Decomposition of litter mixtures induces non-additive effects on soil priming across a riparian land use gradient

Abstract

While litter traits have been used for decades to predict decomposition rates through the Leaf Economics Spectrum (LES) acquisitive to conservative trait lens, litter trait and litter mixture effects on soil carbon (C) priming effects (PE) is less known. To assess whether the LES can predict soil C PE during the decomposition of litter mixtures from complex ecosystems, a 99-day incubation experiment was conducted. The experiment involved soil and leaf litter from three Canadian riparian land uses (grasslands, deciduous agroforests, and coniferous agroforests), incubated as single plant species, and as plant species mixtures in their natural proportions. Natural abundance δ13C-isotopic analysis was used to assess the proportion of CO2 derived from leaf litter versus soil C mineralization at initial (0–21 days, stage I) and later (22–99 days, stage II) stages of decomposition. Single species positions on the LES mirrored litter-C mineralization dynamics, yet PE emissions remained harder to predict with LES traits. Nonetheless, higher PE emissions relative to litter-C mineralization were observed with litter from LES species expressing conservative traits compared to LES species expressing acquisitive traits.
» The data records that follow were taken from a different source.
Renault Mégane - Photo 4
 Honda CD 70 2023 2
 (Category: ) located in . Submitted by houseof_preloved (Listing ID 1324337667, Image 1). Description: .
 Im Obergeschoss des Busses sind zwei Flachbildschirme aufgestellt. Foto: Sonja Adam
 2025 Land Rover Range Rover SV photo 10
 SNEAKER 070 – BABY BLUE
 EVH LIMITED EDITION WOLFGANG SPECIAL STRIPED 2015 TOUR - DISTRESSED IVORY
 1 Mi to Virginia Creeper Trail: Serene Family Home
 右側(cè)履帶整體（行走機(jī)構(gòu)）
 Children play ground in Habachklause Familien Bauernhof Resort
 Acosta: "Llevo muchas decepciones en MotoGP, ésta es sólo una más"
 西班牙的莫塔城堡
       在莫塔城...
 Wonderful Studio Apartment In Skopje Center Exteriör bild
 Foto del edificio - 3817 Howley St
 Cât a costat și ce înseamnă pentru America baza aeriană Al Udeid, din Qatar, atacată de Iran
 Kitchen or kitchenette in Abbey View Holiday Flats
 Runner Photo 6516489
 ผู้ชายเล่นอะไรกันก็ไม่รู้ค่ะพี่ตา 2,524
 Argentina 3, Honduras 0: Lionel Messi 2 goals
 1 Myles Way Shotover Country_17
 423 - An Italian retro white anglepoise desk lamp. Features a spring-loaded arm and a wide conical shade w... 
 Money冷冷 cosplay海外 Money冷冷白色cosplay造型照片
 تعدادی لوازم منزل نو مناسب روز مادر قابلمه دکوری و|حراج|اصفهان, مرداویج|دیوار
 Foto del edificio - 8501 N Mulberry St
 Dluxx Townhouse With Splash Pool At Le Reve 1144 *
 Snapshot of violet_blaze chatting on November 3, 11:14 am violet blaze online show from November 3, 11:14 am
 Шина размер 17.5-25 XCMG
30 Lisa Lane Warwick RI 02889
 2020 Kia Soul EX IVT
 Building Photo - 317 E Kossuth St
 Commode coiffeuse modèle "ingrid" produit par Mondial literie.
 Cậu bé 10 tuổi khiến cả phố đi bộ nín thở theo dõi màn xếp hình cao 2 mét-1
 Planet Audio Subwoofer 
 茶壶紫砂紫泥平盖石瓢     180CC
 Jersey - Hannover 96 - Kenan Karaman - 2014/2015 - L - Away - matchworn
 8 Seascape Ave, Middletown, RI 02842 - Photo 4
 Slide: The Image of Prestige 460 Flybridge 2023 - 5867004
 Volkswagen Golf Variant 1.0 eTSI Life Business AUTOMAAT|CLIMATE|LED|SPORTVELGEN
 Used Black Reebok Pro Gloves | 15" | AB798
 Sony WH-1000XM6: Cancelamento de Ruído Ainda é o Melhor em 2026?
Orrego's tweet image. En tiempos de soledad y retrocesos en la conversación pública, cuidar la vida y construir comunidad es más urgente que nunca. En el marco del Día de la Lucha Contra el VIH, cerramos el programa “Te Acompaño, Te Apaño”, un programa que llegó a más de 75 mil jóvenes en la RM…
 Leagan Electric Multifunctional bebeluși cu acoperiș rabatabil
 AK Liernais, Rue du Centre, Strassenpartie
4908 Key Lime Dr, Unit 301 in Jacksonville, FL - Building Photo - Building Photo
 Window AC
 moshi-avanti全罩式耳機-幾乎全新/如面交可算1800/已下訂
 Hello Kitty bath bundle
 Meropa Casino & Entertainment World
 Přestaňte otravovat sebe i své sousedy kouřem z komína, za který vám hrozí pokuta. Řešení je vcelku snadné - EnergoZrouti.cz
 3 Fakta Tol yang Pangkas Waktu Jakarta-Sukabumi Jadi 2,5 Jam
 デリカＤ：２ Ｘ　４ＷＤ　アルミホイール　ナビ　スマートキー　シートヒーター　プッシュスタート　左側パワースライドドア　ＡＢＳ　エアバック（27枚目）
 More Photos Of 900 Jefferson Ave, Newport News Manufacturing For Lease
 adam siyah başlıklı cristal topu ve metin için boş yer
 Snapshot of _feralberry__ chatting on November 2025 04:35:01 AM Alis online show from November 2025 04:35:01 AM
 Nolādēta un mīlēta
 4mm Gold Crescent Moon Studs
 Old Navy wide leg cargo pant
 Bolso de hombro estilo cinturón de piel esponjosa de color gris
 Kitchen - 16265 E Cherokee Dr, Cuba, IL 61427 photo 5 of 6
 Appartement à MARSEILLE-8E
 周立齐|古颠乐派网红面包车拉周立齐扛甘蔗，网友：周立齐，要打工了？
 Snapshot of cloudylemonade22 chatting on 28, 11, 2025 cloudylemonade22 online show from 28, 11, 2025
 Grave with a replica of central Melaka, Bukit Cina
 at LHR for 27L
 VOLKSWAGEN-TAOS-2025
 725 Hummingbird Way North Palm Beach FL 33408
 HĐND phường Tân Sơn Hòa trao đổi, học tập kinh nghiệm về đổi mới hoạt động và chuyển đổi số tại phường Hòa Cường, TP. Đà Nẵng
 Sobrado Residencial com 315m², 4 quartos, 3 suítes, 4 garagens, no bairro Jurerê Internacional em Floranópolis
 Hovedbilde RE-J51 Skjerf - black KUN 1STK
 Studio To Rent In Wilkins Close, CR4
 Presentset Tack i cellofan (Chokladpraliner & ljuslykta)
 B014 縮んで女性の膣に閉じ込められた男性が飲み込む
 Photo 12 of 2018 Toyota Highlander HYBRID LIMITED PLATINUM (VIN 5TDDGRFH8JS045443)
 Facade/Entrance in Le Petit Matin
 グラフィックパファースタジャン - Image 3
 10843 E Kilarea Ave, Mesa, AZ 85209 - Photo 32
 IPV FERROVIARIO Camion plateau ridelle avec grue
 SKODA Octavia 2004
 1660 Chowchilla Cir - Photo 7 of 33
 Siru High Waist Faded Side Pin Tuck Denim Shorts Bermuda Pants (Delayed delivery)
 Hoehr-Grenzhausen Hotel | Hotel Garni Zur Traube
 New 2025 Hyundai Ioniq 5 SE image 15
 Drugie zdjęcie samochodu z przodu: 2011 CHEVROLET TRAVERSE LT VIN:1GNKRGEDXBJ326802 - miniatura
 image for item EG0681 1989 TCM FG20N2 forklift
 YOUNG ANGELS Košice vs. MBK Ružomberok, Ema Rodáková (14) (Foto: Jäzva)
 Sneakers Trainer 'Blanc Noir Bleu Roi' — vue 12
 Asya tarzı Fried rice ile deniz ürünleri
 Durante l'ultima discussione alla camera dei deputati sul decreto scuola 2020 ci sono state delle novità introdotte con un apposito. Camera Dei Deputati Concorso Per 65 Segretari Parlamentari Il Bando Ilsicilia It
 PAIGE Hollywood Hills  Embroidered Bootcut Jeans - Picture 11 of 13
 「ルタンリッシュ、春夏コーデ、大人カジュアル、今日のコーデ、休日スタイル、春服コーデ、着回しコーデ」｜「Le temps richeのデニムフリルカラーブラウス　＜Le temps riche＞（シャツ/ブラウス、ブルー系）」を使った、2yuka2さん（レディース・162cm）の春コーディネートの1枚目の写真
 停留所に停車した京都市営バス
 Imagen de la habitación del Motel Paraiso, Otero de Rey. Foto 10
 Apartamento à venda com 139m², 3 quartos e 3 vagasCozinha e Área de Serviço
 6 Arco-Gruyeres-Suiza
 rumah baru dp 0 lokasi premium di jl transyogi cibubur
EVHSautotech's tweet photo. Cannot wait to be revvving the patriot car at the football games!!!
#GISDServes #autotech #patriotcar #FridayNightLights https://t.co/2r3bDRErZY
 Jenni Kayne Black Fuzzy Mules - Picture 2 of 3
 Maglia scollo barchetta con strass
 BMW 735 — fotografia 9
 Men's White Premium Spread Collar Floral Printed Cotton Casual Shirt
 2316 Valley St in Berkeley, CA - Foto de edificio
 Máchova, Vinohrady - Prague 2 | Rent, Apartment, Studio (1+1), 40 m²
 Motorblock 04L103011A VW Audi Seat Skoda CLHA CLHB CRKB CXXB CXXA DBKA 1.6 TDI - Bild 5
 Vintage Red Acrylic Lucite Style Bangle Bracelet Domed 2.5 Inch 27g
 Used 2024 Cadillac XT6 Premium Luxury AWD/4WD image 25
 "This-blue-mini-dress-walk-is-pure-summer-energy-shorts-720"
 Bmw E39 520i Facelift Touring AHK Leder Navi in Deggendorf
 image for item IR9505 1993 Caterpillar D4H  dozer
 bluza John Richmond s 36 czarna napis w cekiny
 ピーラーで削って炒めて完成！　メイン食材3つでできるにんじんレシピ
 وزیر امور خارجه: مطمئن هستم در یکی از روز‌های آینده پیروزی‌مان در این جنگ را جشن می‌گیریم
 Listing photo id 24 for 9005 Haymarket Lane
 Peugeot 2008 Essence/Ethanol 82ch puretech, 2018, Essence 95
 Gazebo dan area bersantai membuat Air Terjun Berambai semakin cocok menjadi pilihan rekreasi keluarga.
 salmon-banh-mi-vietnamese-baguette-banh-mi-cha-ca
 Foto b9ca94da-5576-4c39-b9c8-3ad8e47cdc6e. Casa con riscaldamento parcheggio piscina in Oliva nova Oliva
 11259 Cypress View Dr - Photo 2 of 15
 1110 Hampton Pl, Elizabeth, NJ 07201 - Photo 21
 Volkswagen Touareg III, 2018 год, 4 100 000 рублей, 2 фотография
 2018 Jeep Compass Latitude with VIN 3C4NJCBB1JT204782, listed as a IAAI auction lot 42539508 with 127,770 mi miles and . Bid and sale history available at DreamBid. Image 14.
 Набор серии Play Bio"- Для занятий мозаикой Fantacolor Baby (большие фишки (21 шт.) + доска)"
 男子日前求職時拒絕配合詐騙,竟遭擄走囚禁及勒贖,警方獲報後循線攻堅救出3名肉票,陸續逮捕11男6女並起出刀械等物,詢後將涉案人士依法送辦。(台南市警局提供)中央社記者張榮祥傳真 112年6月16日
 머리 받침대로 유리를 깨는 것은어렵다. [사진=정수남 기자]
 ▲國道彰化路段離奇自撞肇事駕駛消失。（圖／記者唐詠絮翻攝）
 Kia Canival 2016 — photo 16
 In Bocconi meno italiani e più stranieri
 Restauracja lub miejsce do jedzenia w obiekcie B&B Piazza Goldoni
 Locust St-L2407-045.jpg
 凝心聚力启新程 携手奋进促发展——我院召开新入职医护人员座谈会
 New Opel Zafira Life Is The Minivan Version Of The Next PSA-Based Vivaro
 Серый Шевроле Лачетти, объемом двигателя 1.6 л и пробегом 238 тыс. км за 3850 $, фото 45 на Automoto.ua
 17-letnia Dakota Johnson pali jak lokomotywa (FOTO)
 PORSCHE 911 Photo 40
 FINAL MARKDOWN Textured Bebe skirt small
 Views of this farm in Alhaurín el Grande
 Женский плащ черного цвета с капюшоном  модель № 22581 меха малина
Leaf litter mixtures from both agroforests, expressing high leaf litter trait functional dissimilarity, resulted in synergistic, non-additive effects on soil PE. These findings contribute to our understanding of the effects of leaf litter functional traits and trait mixing on soil PE, highlighting that mixed-species litter decomposition can lead to non-additive effects on soil C dynamics in forested riparian ecosystems.